Já que os dias andam curtos, vai uma crítica velha de um filme que não envelhece, da época que eu tentava emprego no Omelete.
Francis Ford Coppola devia estar bem acostumado a adjetivos como “megalomaníaco” durante as 370 horas de filmagens nas Filipinas de sua obra Apocalypse Now. Meses de esforço, rios de dinheiro e muita teimosia foram necessários para finalizar o filme a tempo do festival de Cannes de 1979. Mesmo com a Palma de Ouro nas mãos, o diretor e produtor considerou o filme “a work in progress”, devido à pressa na montagem da obra.
Vinte e dois anos depois somos agraciados com bem mais do que um novo “director’s cut” caça-níqueis de um sucesso de Hollywood, como exorcistas e ETs afins. Redux, em latim, significa algo que foi trazido de volta, resgatado. Assim está Apocalypse Now Redux: reeditado, remixado, restaurado, talvez o melhor termo seja repensado. Agora podemos ver 53 minutos que escaparam à primeira versão, espalhados em muitas cenas que acrescentam muito à densidade do filme.
Densidade, aliás, é o que não falta à obra. Vários filmes poderiam ser tirados de Apocalyspe.
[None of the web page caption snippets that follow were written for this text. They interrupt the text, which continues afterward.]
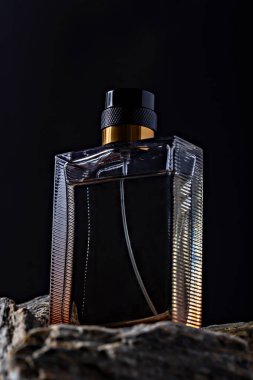 Şatafatlı siyah parfüm şişesi, desenli tasarım, altın aksanlarla vurgulanmış, kayalık yüzeyde koyu arkaplan üzerine yerleştirilmiş. Reklam ve ürün sunumları için mükemmel.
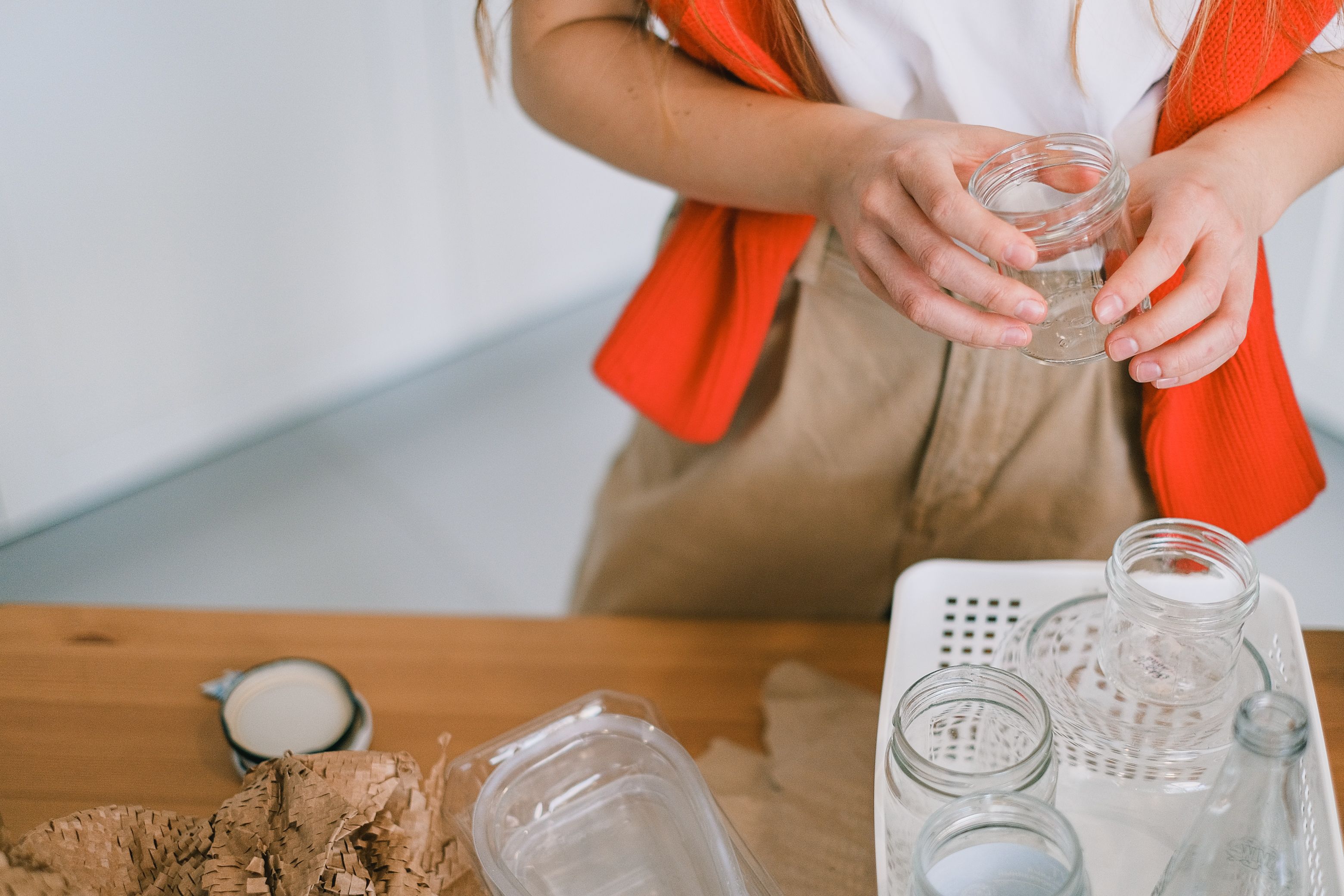a person preparing empty jars as containers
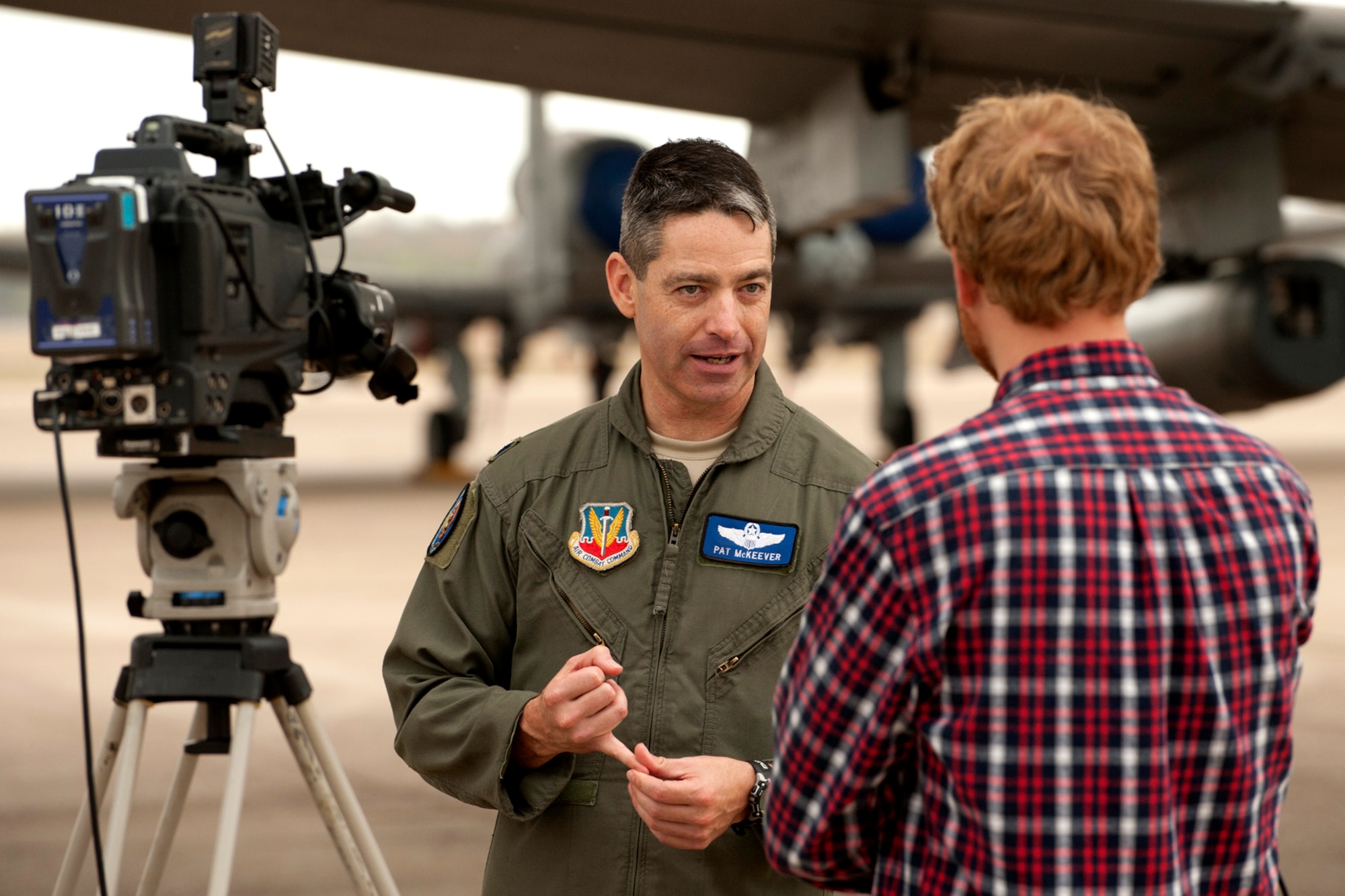 U.S. Air Force Lt. Col. Patrick McKeever, 548th Combat Training Squadron (CTS)/Detachment 1 commander, is interviewed by Paul Sweazy, KTBS Channel 6 photo journalist, during a Barksdale Profile segment, Barksdale Air Force Base, La., Nov. 15, 2011. The 548th CTS, along with its detachment at Barksdale, executes Green Flag East exercises, providing operational control, safe employment, and realistic close-air-support training for tactical aircrews and tactical air control parties at the U.S. Army Joint Readiness Training Center, Fort Polk, La. (U.S. Air Force photo by Master Sgt. Greg Steele/Released)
A grande estetização da guerra das cenas como a do ataque dos helicópteros a uma vila vietnamita ao som de Wagner e a da batalha num posto avançado, com direito a trincheiras e pedido de ajuda pelo rádio já renderiam boa bilheteria por si sós (alguém se lembra de Falcão Negro em Perigo?). A discussão sobre a necessidade do conflito armado e o envolvimento forçado dos soldados com uma guerra que não lhes pertence (linha mestra do outro clássico do Vietnã, Nascido Para Matar) e que pode ser visto em personagens como Chef, o hippie de New Orleans que só queria aprender a cozinhar, ou em cenas como o encontro com a orgulhosa família de colonizadores franceses, onde o lado mais politizado do filme transparece, também fariam outro (bom) filme inteiro.
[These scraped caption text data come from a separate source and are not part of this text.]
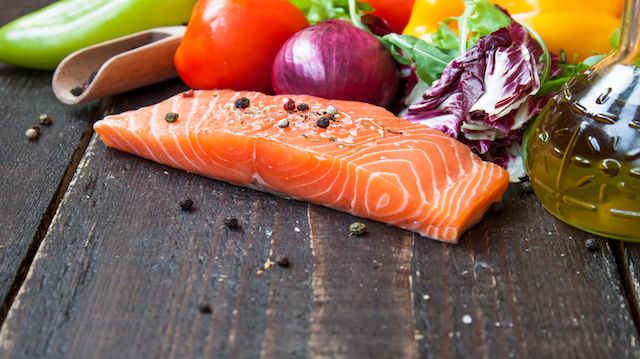 fresh salmon with vegetables on a wooden table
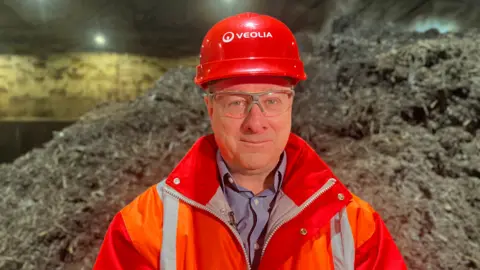 Lucinda Adam/BBC A man is standing facing the camera wearing an orange hi-vis jacket and hat, with Veolia written on the hat in white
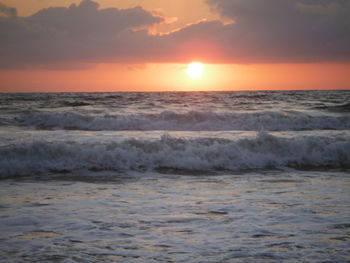 Scenic view of sea at sunset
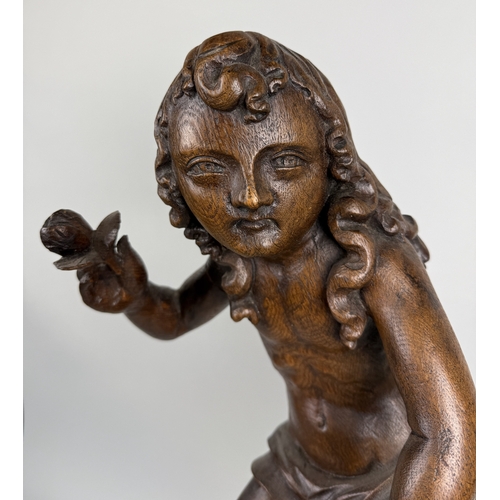 6 - A 17TH CENTURY OR EARLIER CARVED WOODEN FIGURE OF CUPID
51cm H
With stand 71cm H
Provenance: Private...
Mas o créme de la créme do filme é mesmo a adaptação (bastante fiel, vejam só) da pequena obra-prima de Joseph Conrad, Coração das Trevas. O Marlow do Império Britânico deu lugar ao Willard do exercito americano. Ambos foram imbuídos da difícil tarefa de subir o rio em direção ao inferno, encontrar e destituir o tirano, mas ainda assim genial e intrigante capitão Kurtz de seu pequeno império no coração das trevas. Quanto mais Marlow/Willard se embrenha na escuridão da não-civilização, quanto mais medo e destruição se passam ao seu redor, mais fascinado por Kurtz ele fica, mais ele compreende seus métodos, mais ele se transforma, de certa forma, em seu algoz. A estranha fortaleza de Kurtz e sua pequena legião de súditos que parecem estar em transe preparam os nervos até que o encontro com Kurtz finalmente acontece, e toda a genialidade de Vittorio Storato, o diretor de fotografia, aparece: Curiosos, ouvimos a voz assustadora de Marlon Brando, fraca, modulada, filosofando e questionando Willard e esperamos a câmera enquadrá-lo. Ele está deitado, e ainda não se vê seu rosto. Finalmente, ele se levanta. Dá para ver sua cabeça raspada, mas seu rosto está imerso numa sombra angustiante. Ainda por algum tempo a sombra permanece, até a primeira frase mais ameaçadora ser pronunciada e seus terríveis olhos azuis finalmente aparecerem. É de gelar a espinha...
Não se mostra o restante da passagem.